• **Task brief**
When you reach a picture, skip it, and retype every line below exactly.

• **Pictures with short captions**
=== Begin Enclosure ===
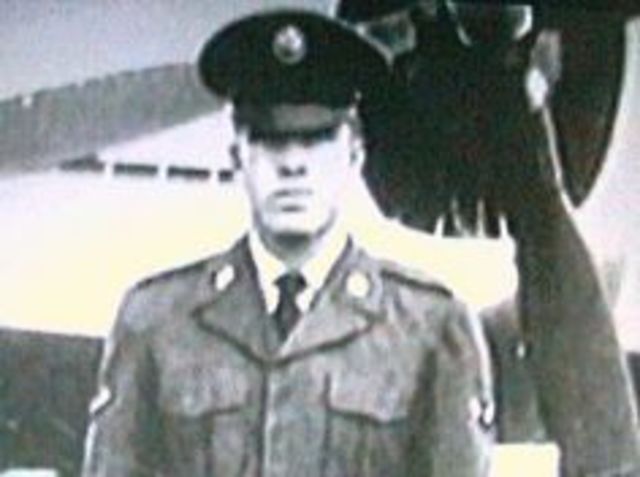 Chuck joins the Air Force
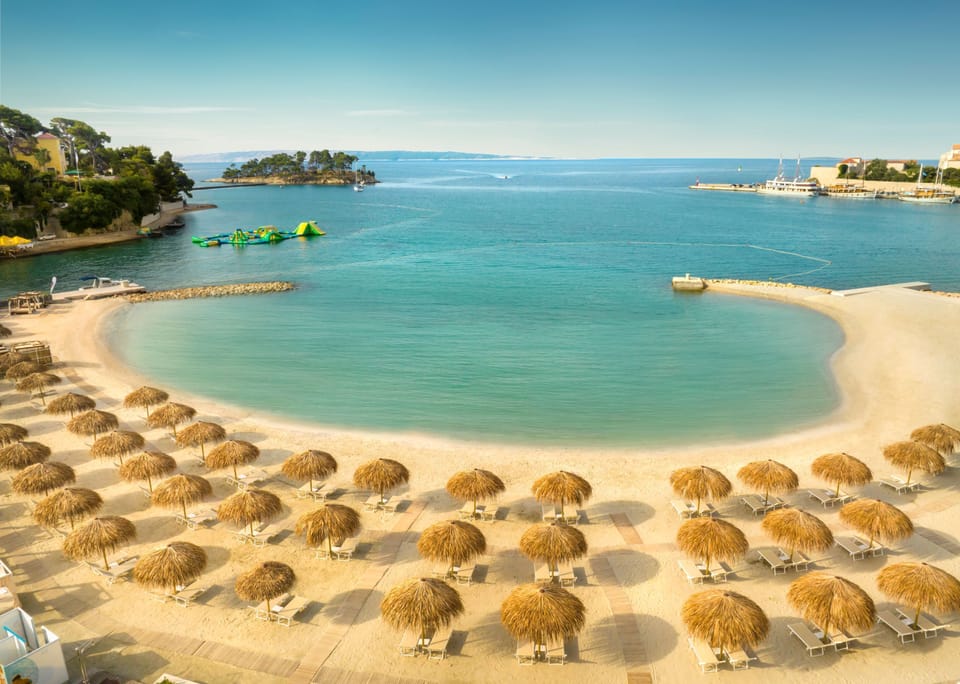 Private beach nearby, free beach shuttle, sun loungers, beach umbrellas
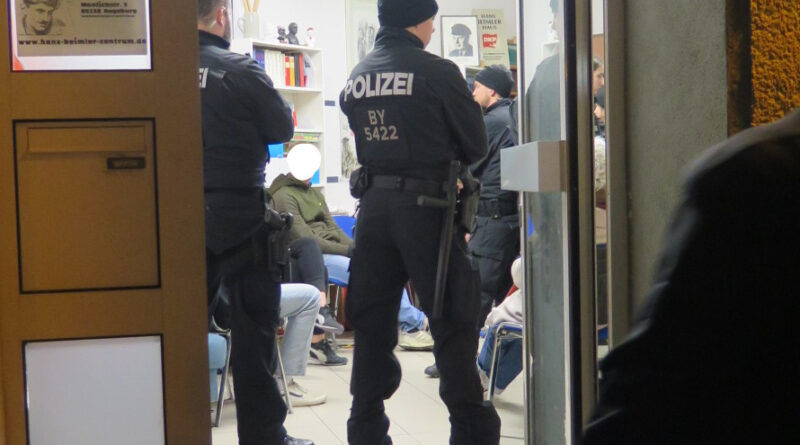 Augsburg: Hans-Beimler-Verein verurteilt Polizeiaktion im Vereinszentrum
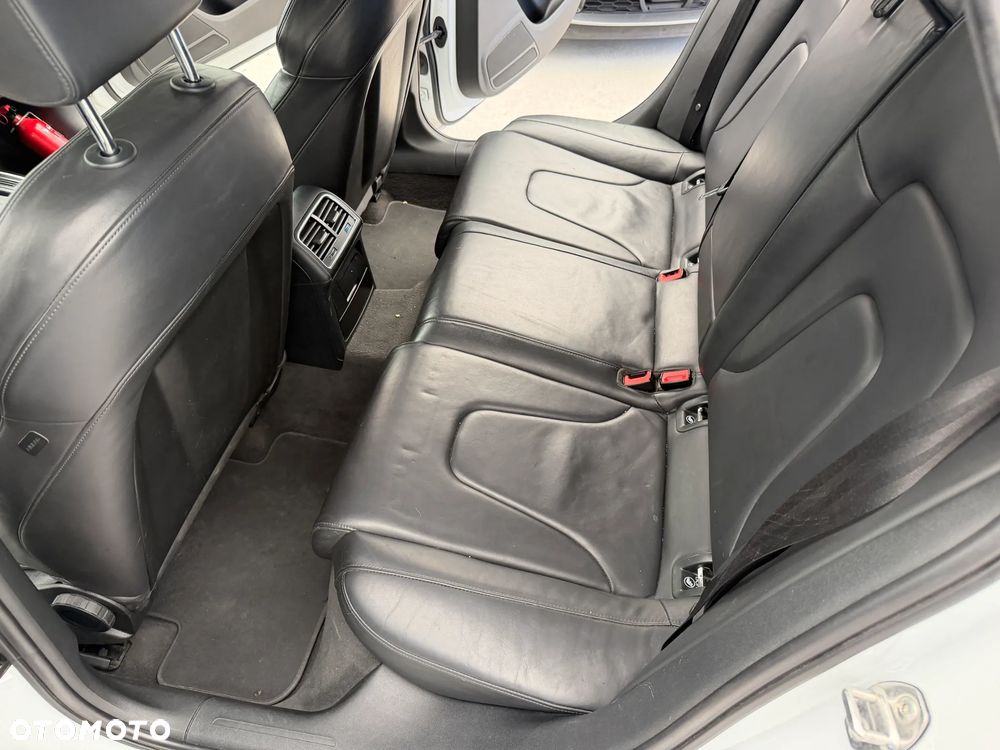Audi A4 Limousine - 11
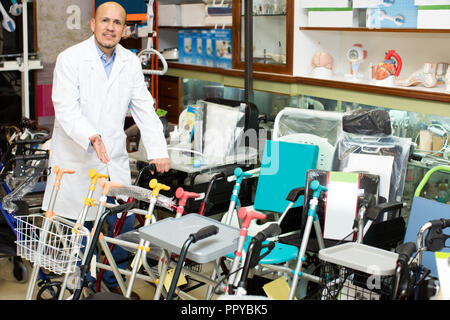 Positive professionelle Berater mit orthopädischen Artikeln in Store Stockfoto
=== End Enclosure ===
• **Task response**
 Chuck joins the Air Force
 Private beach nearby, free beach shuttle, sun loungers, beach umbrellas
 Augsburg: Hans-Beimler-Verein verurteilt Polizeiaktion im Vereinszentrum
Audi A4 Limousine - 11
 Positive professionelle Berater mit orthopädischen Artikeln in Store Stockfoto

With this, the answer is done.